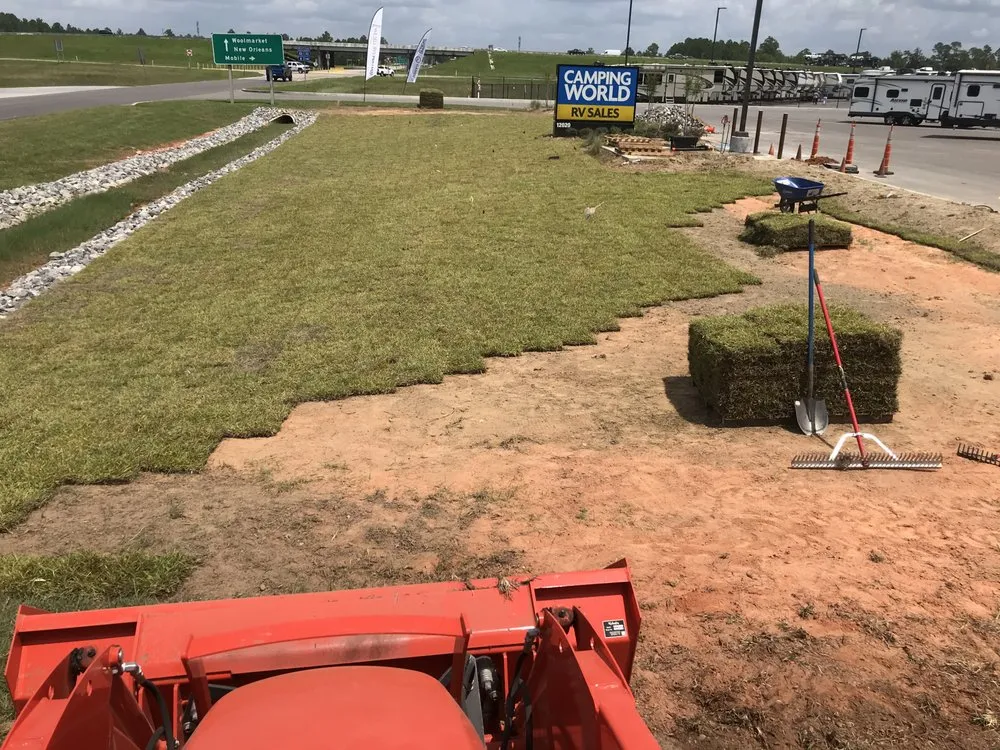 Local lawn care service in Gulfport, MS by Dee's Lawn & Landscaping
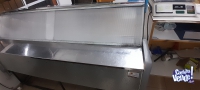 Vendo freezer 350 litros, batea 2 metros vidrio recto, mesada de acero inoxidable de 2 x 0.50 x 0.50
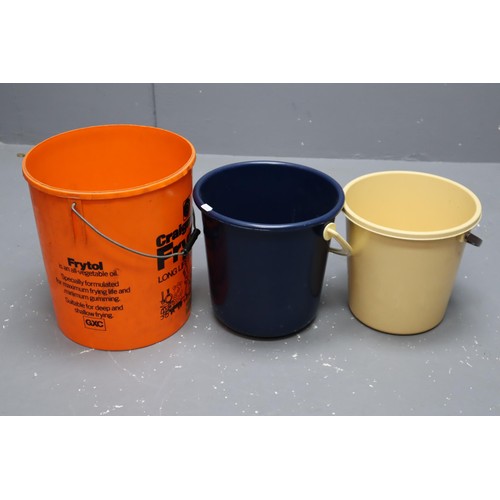 741 - Selection of Multi-Purpose Plastic Buckets with Handles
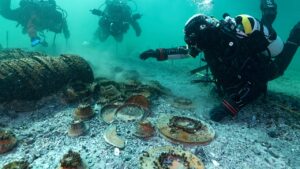 2,000-year-old Roman shipwreck discovered with treasures still clustered where it sank 2,000-year-old Roman shipwreck discovered with treasures still clustered where it sank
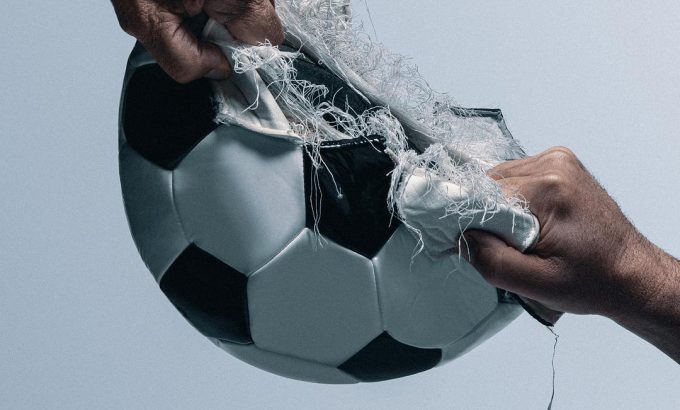 欧洲超级联赛：足球战争 Super League: The War for Football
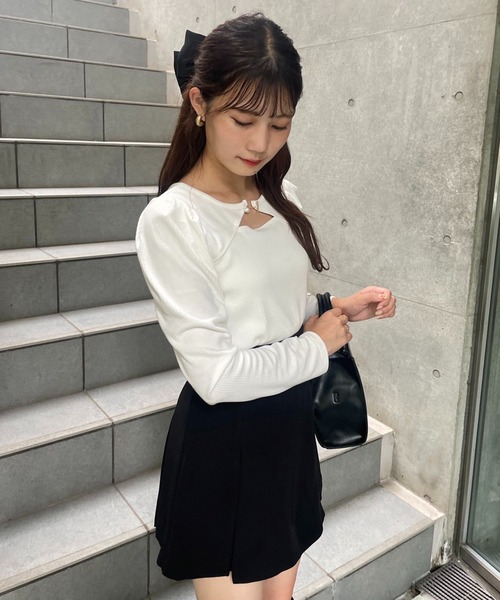 one after another NICE CLAUP（ワンアフターアナザーナイスクラップ）の「パールのワンポイントが華やか。デザインテレコトップス（Tシャツ/カットソー・レディース・ブラック/ベージュ/オフホワイト/ピンク・FREE）」の20枚目の写真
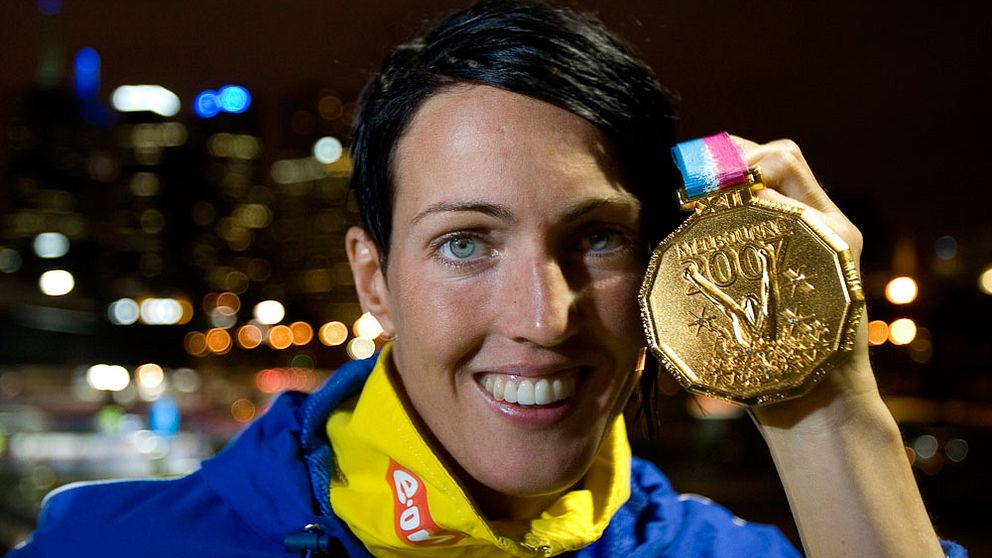 Therese Alshammar med VM-guldet i Melbourne.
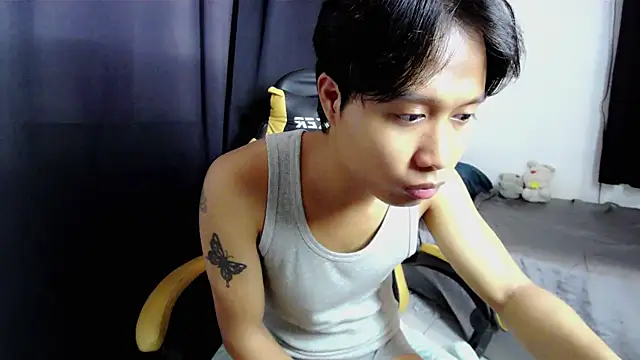Snapshot of caspian_cum chatting on 06/27/26, 01:44 caspian cum online show from 06/27/26, 01:44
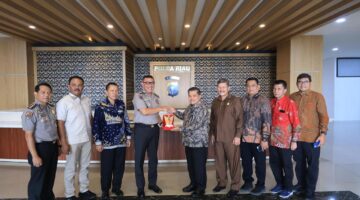 Bupati Agam Sampaikan Terima Kasih kepada Kapolda Riau atas Bantuan Penanganan Bencana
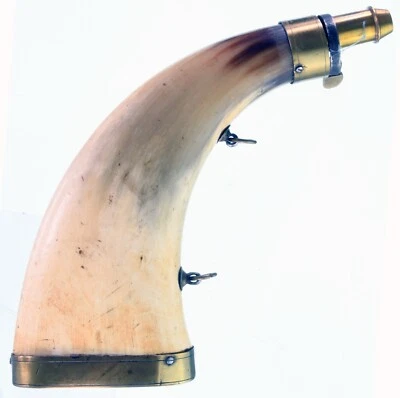 19th CENTURY. GERMAN COW-HORN POWDER  FLASK. #10105 - Image 1 of 3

════════════════════

Your task: Retype the data above verbatim, minus images.

Task solution:
 Local lawn care service in Gulfport, MS by Dee's Lawn & Landscaping
 Vendo freezer 350 litros, batea 2 metros vidrio recto, mesada de acero inoxidable de 2 x 0.50 x 0.50
 741 - Selection of Multi-Purpose Plastic Buckets with Handles
 2,000-year-old Roman shipwreck discovered with treasures still clustered where it sank 2,000-year-old Roman shipwreck discovered with treasures still clustered where it sank
 欧洲超级联赛：足球战争 Super League: The War for Football
 one after another NICE CLAUP（ワンアフターアナザーナイスクラップ）の「パールのワンポイントが華やか。デザインテレコトップス（Tシャツ/カットソー・レディース・ブラック/ベージュ/オフホワイト/ピンク・FREE）」の20枚目の写真
 Therese Alshammar med VM-guldet i Melbourne.
Snapshot of caspian_cum chatting on 06/27/26, 01:44 caspian cum online show from 06/27/26, 01:44
 Bupati Agam Sampaikan Terima Kasih kepada Kapolda Riau atas Bantuan Penanganan Bencana
 19th CENTURY. GERMAN COW-HORN POWDER  FLASK. #10105 - Image 1 of 3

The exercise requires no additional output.